British-Ghanaian multi-disciplinary artist Adelaide Damoah stands at the confluence of painting and performance, her artistry resonating within the tapestry of themes encompassing colonialism, ecology, identity, feminism, and radical joy.

After graduating from Kingston University London with a degree in applied biology, her career within the pharmaceutical industry was curtailed when she received a diagnosis of the chronic illness, endometriosis. It was during multiple periods of convalescence that she discovered her devotion to art.

In her current practice, Damoah employs an array of mediums and techniques, including storytelling through performance and filmmaking, utilising artificial intelligence, image transfer methods, body printing, and painting. These elements converge to weave a narrative that delves deep into her own familial history, ultimately extending to a profound exploration of imperialistic and capitalistic expansion and the enduring ecological ramifications it bears.

At the centre of Damoah’s practice lies a concept she defines as “generating a spontaneous communi(cati)on between myself and an audience.” Through her performances, she serves as a conduit, channelling a recorded history that was once known, then obscured by time, only to resurface with uncanny familiarity in the present moment, only to slip once more into obscurity at the performance’s conclusion. Each of her performances represents a mythopoetic creation, born of organic processes. These processes are intricately tied to her sensory perception of the world, encompassing both unambiguous, explicit, and literal experiences as well as the more elusive, implicit, and metaphorical dimensions of existence. This interplay also draws upon the wellspring of memory images, both individual and collective, derived from her multisensory experiences and the profound impact of her diasporic journey.
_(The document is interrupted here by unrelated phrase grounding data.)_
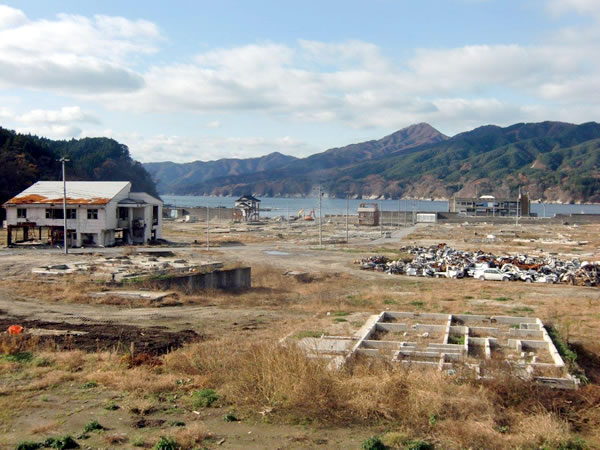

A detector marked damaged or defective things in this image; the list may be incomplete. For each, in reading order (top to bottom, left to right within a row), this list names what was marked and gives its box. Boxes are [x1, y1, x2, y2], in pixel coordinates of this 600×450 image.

damaged white building [2, 181, 162, 248]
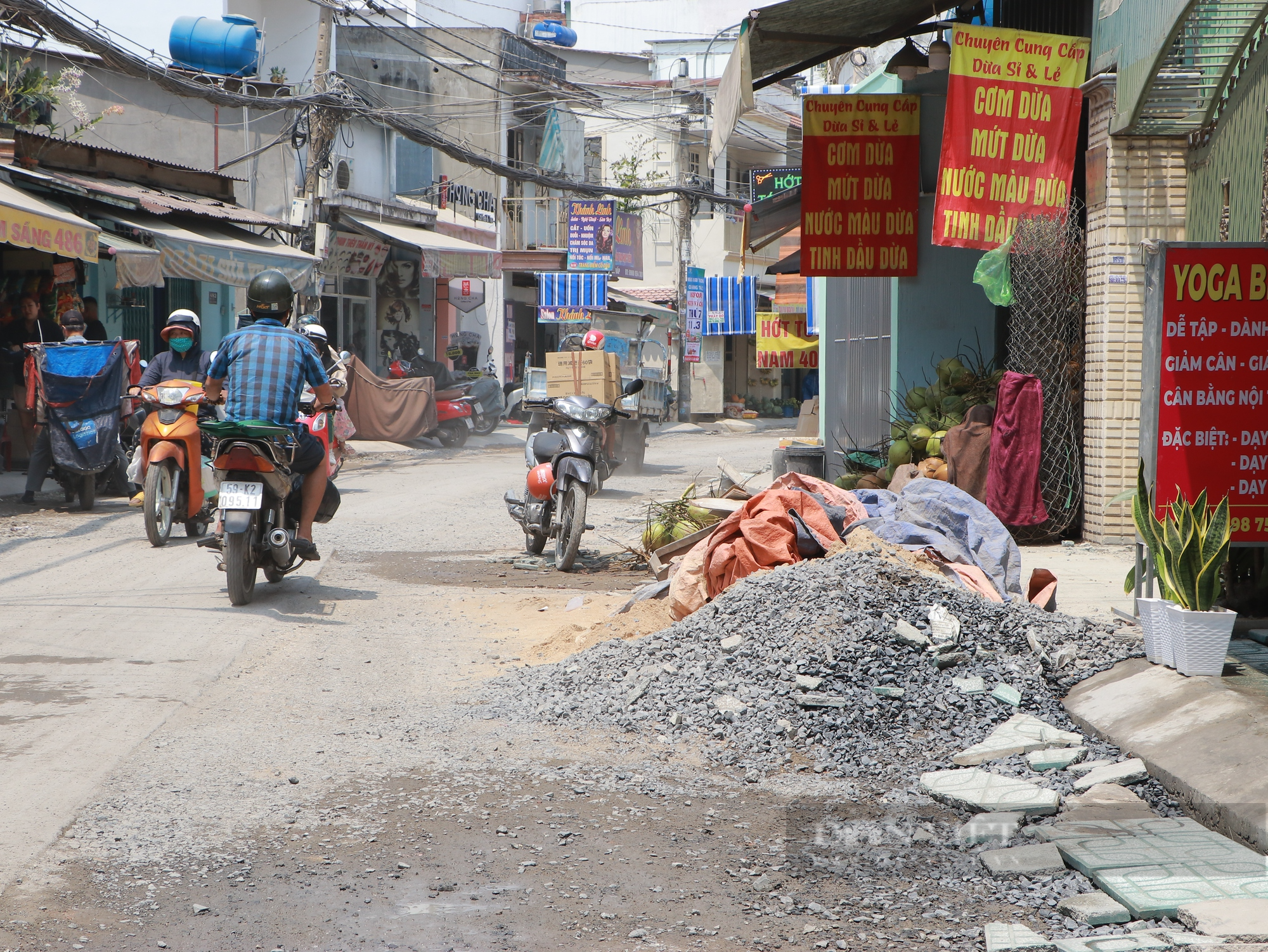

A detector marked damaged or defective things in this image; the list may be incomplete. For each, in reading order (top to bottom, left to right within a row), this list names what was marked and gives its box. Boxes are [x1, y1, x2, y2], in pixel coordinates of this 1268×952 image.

broken tile [954, 674, 989, 695]
broken tile [994, 685, 1025, 710]
broken tile [954, 715, 1085, 766]
broken tile [1030, 750, 1090, 771]
broken tile [923, 771, 1060, 816]
broken tile [1075, 766, 1156, 791]
broken tile [959, 811, 1030, 847]
broken tile [979, 847, 1070, 877]
broken tile [1055, 832, 1263, 877]
broken tile [1096, 857, 1268, 923]
broken tile [1055, 892, 1136, 923]
broken tile [1177, 903, 1268, 938]
broken tile [984, 923, 1055, 952]
broken tile [1050, 938, 1167, 952]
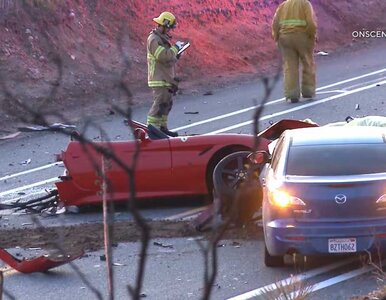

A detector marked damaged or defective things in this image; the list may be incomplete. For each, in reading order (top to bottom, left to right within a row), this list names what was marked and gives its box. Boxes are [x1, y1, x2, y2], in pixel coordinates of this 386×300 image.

wrecked red car [54, 119, 316, 206]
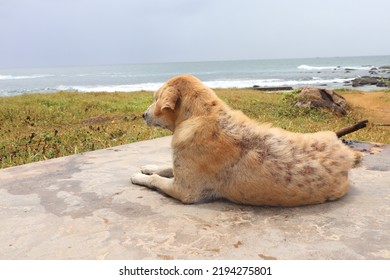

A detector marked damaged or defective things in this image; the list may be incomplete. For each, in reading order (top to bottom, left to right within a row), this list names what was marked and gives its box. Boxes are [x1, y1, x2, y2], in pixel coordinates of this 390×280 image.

cracked concrete surface [0, 137, 388, 260]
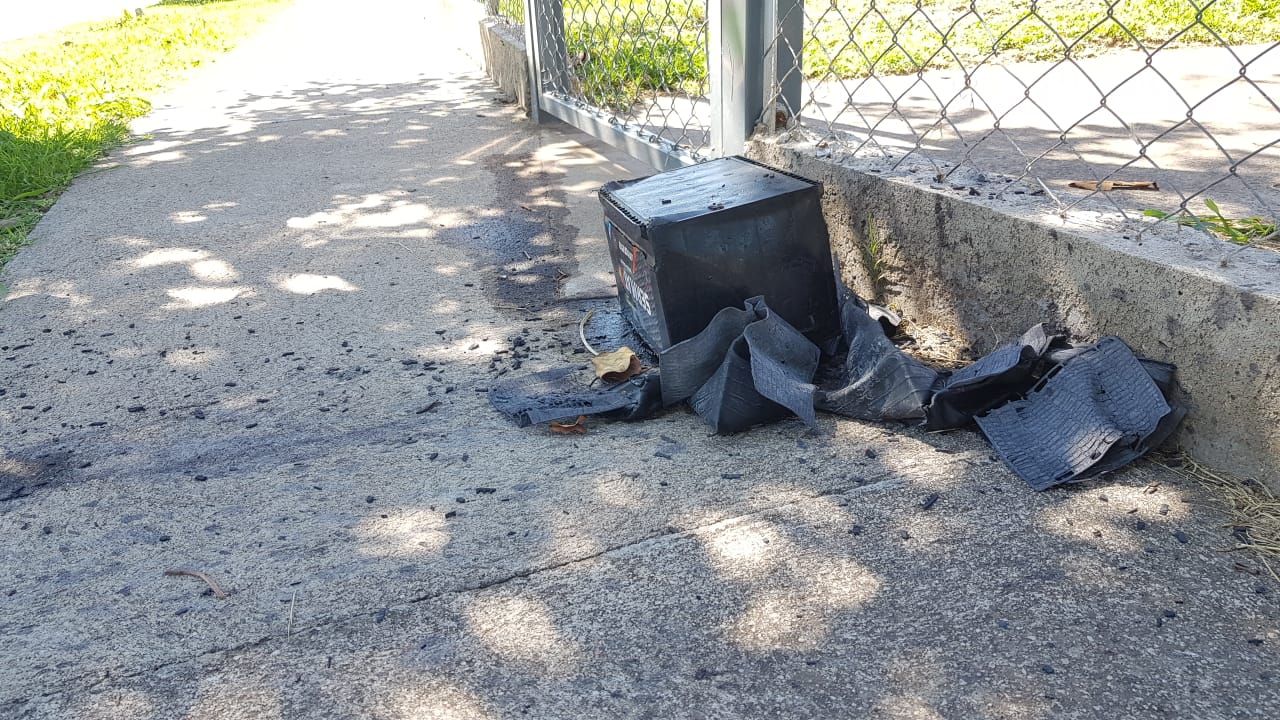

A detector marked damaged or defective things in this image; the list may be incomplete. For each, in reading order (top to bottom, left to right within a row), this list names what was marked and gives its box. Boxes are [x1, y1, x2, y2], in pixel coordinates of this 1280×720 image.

burnt car battery [596, 155, 839, 351]
charred fabric scrap [483, 158, 1182, 486]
Adelaide Damoah has works in both public and private collections, nationally and internationally, including the UK Government Art Collection and Fondation H in Paris and Madagascar. Damoah has exhibited in national and international galleries/institutions including Gagosian, serves on the boards of two art charities and was a co-founder/founding member of two art collectives. Her main influences are Carolee Schneemann, Judy Chicago, David Hammons, Yves Klein, Sokari Douglas Camp, and Ana Mendieta.

 

(Born: 1976, London. Lives and works in London, UK)

Current Practice

“Damoah is interested in the use of recorded history to generate a spontaneous response. Where the previously known becomes unknown and becomes known again. The uncanny- the familiar within the familiar, or the unfamiliar within the familiar. Through her performances, she is the channel by which the previously unknown becomes known again. Damoah’s performances are products of organic processes which depend not only on the different modes of sensory perception of her body of unambiguous (i.e. explicit and literal) and ambiguous (i.e. implicit and metaphorical) processes and events taking place in their multi-sensory perceptions of the sensory world; but also on the individual (mental and bodily sensory) and collective (cultural) memory-images she derives from both these different modes of perception and their diasporic experiences.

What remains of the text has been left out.